*** Data extract ***

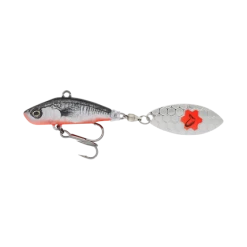 Savage Gear - 3d Sticklebait Tailspin -Predator shop savage gear 3d sticklebait tailspin 4
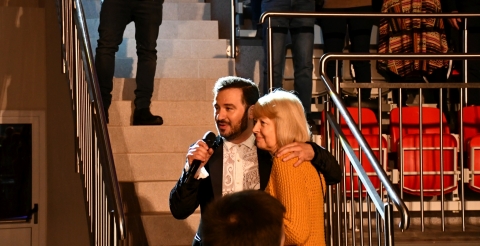 26 Stefano Terrazzino Koncert Noworoczny 2023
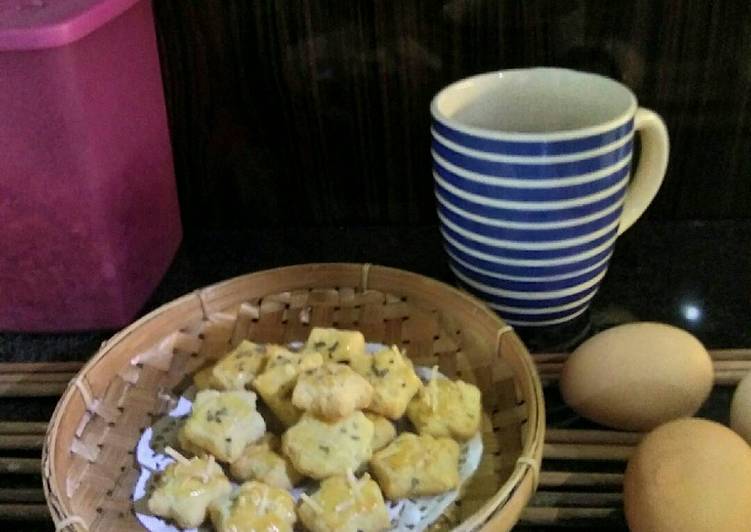 resep masakan KASTengel OreGANO#ketopad_cp_kue kering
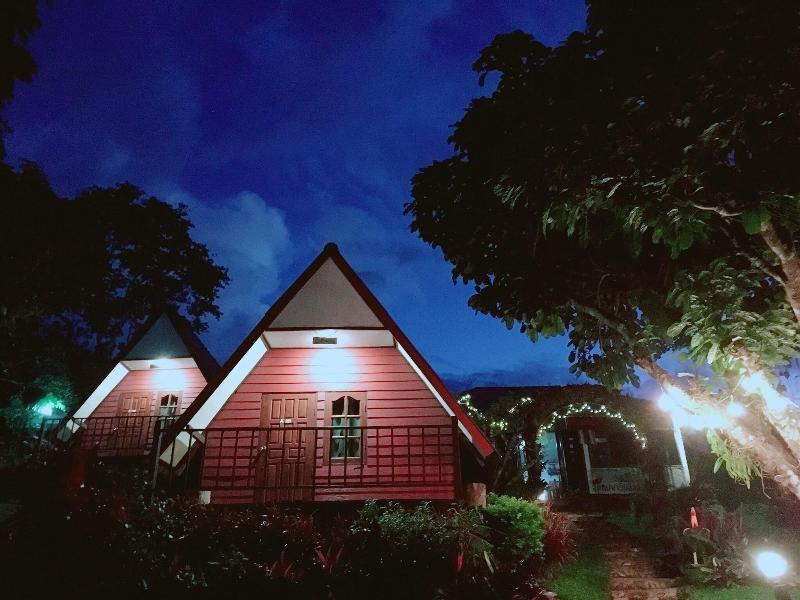 Ukrist Farm Hill Resort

***

_Action item:_ Return every line shown above without changing a word, and skip the pictures.

_Worked solution:_
 Savage Gear - 3d Sticklebait Tailspin -Predator shop savage gear 3d sticklebait tailspin 4
 26 Stefano Terrazzino Koncert Noworoczny 2023
 resep masakan KASTengel OreGANO#ketopad_cp_kue kering
 Ukrist Farm Hill Resort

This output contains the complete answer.